Richard Therrien LE SOLEIL

La crédibilité de la Soirée des Jutra a été durement ébranlée depuis le dévoilement des nominations le mois dernier.

L'absence de Tout est parfait dans la catégorie du meilleur film et la présence de Susan Sarandon dans celle de la meilleure actrice pour son rôle dans Emotional Arithmetic ont fait sourciller, tout comme l'existence d'une liste parallèle de nominations établie par un jury de professionnels qui est très différente de l'originale.

Alors, Susan Sarandon viendra-t-elle au gala? «Nous l'avons invitée avec son mari. Elle n'a dit ni oui ni non», a répondu hier en conférence de presse le délégué général de la Soirée des Jutra, Henry Welsh, qui précise que l'actrice américaine serait accaparée par une pièce de théâtre à New York. Sérieusement, il serait très étonnant de voir Mme Sarandon à Radio-Canada, le 29 mars.

 

La présidente de la Grande nuit du cinéma, Danielle Proulx, avoue avoir été la première étonnée de cette nomination pour le moins saugrenue dans un gala québécois. «Quand on a vu le film, ce n'est pas une performance extraordinaire», admet-elle à propos de Susan Sarandon, sans vouloir minimiser le talent de l'actrice.

Elle-même en nomination pour le Jutra de la meilleure actrice dans un rôle de soutien pour son rôle dans Le déserteur, Danielle Proulx insiste sur l'importance de revoir le mode de désignation des finalistes, une «priorité» selon elle.

Ouvert à une réforme de la façon d'établir les nominations, Henry Welsh reconnaît que Tout est parfait serait finaliste pour le Jutra du meilleur film si une cinquième nomination était ajoutée. «À l'époque où nous avons établi qu'il y aurait quatre nominations dans chaque catégorie, il y avait 20 films québécois au total dans une année, comparativement à 32 maintenant.»

Karine Vanasse animera cette 11e Soirée des Jutra, en direct du studio 42 à Radio-Canada, le dimanche 29 mars à 19 h 30. Appuyée aux textes par le romancier Guillaume Vigneault et par Pierre Boileau à la réalisation, l'animatrice amène un nouveau souffle au gala après les trois années sous la conduite de Normand Brathwaite.
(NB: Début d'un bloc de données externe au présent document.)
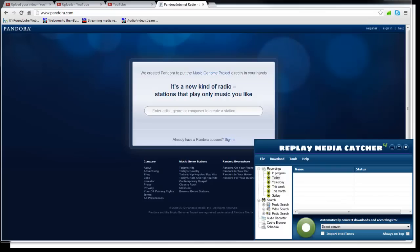Hi everyone. Today I'm going to show you how you can record and download audio from Pandora.com using Replay Media Catcher. It's easy, it's quick, and it works like a charm.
La vedette de Polytechnique parle d'un «ton festif et coquin» et d'une soirée où elle a «l'intention de s'amuser». On y fera un clin d'oeil aux romans dont se sont inspirés les cinéastes québécois. Et l'hommage à Fernand Dansereau se déploiera un peu partout dans le gala plutôt que d'accaparer un bloc de 30 minutes comme on le voit traditionnellement.

Le gala sera précédé d'une émission spéciale à ARTV, La fièvre des Jutra, dès 18 h 30, en direct des coulisses. Anne-Marie Withenshaw y recevra les personnalités qui ont marqué le cinéma québécois en 2008. On a donc abandonné le tapis rouge de l'an dernier, où les vedettes déambulaient dans les couloirs gris de Radio-Canada.

Toujours à ARTV, René Homier-Roy rencontrera les principaux gagnants de la soirée dans un Viens voir les comédiens - Spéciale Jutra, tout de suite après le gala, vers 22 h. Pour une deuxième année, le public pourra voir gratuitement les quatre longs métrage en lice pour le Jutra du meilleur film dans une des 22 salles participantes, du 23 au 26 mars à 19h. Les films en compétition sont Borderline, Ce qu'il faut pour vivre, C'est pas moi, je le jure! et Maman est chez le coiffeur.

Des mots durs pour James Moore

Le délégué général de la Soirée des Jutra, Henry Welsh, n'a cessé de vanter le soutien constant de Radio-Canada au gala et au cinéma québécois. Il n'est pas tendre à l'endroit du ministre James Moore, dont les politiques risquent d'ébranler la société d'État. «Quoi qu'en pense le «moron» qu'on a comme ministre du Patrimoine, il faut miser sur l'importance de maintenir ce service public», disait-il hier.

Dimanche dernier à Tout le monde en parle, James Moore a été incapable d'identifier de grands noms du portrait culturel, dont les Québécois Guy Laliberté, Félix Leclerc et Robert Lepage, de même que le cinéaste canadien Atom Egoyan.